One of our less discussed changes was improving performance. Here is an overview of the FPS increases! (PC had major gains too, but we don't know your specs, so let us know what you see tomorrow!)

12 / 17 / 25

Hey everyone,

Today we’re talking all about the performance improvements you can expect in SPLITGATE: Arena Reloaded. We’ve gathered several members of the team to talk about the performance optimizations we’ve made across the game since the beta release. Spoiler alert: Arena Reloaded has had a major performance overhaul. The stuff you feel moment to moment is better across the board: fewer frame spikes, less stutter, and more consistent framerate in real matches. You’ll see it in the numbers too. PC sees big improvements in hitching and stuttering, and even last gen consoles now run at 60 FPS.

We’ve got a lot to discuss, but before getting into specifics, it’s important to set expectations. There was no single change that “fixed” performance. We did not flip a switch or add one magic system. Performance work is cumulative, and it’s the result of many disciplines working together with the singular goal to improve the player experience. It comes from giving engineers and artists the time to find friction, remove it, and repeat that process relentlessly.

With that said, let’s meet the team that is going to be talking about some of the biggest changes that got us here:

  • Ethan – Distinguished Engineer
  • Sam – Principal Gameplay Engineer
  • Nadir – Principal Technical Artist
  • Wojciech – Graphics Engineer

Smoothing Heavy Moments With Time Slicing

Sam: Let’s talk about stuttering. Some of the worst stutters in an FPS show up when a lot happens all at once. Multiple players respawn. Weapons and attachments get created. Too much gets received by your game client at a time, all within the same frame.

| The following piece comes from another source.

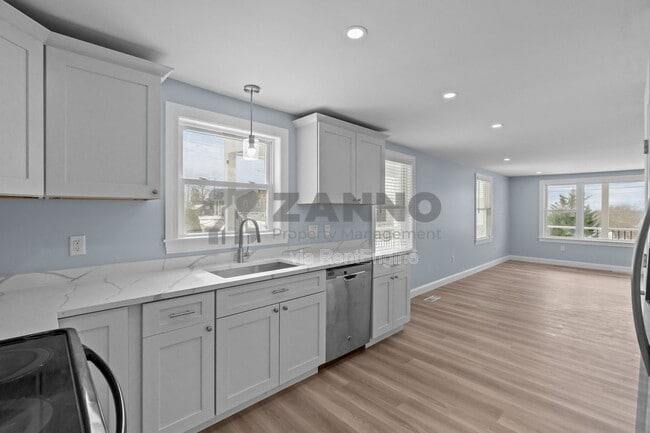 Photo - 24 Vernon Ave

To reduce those spikes, we implemented time slicing across many systems, including our own systems and the engine’s underlying systems. Instead of forcing all work to happen immediately, time slicing spreads it across multiple frames when needed. Each system has a per-frame budget, and work is only deferred if that budget would be exceeded. In other words, it only kicks in if framerate is going to be impacted.

A simple example is spawning. When a player spawns, we have to build their visuals, including character skin, weapon skin, and attachments. If a lot of players respawn at once, that can get expensive. With time slicing, those pieces get built across a few frames only when necessary, which keeps the game from dropping frames during those heavy moments.

Weapon Rendering That Scales With Player Count

Ethan: Another area of performance that adds up is weapon rendering. Weapons in Splitgate are made up of a lot of moving parts: the weapon itself, up to five attachments, and multiple components per attachment. Rendering and updating all of that across a full lobby gets expensive, especially on older hardware.

To help, we added a system that calculates the most "significant" players in your view to let them show at full quality, while scaling back on what your game needs to calculate for players further away or off-camera. The exact number of players that can be at "high" significance depends on your view distance quality setting on PC.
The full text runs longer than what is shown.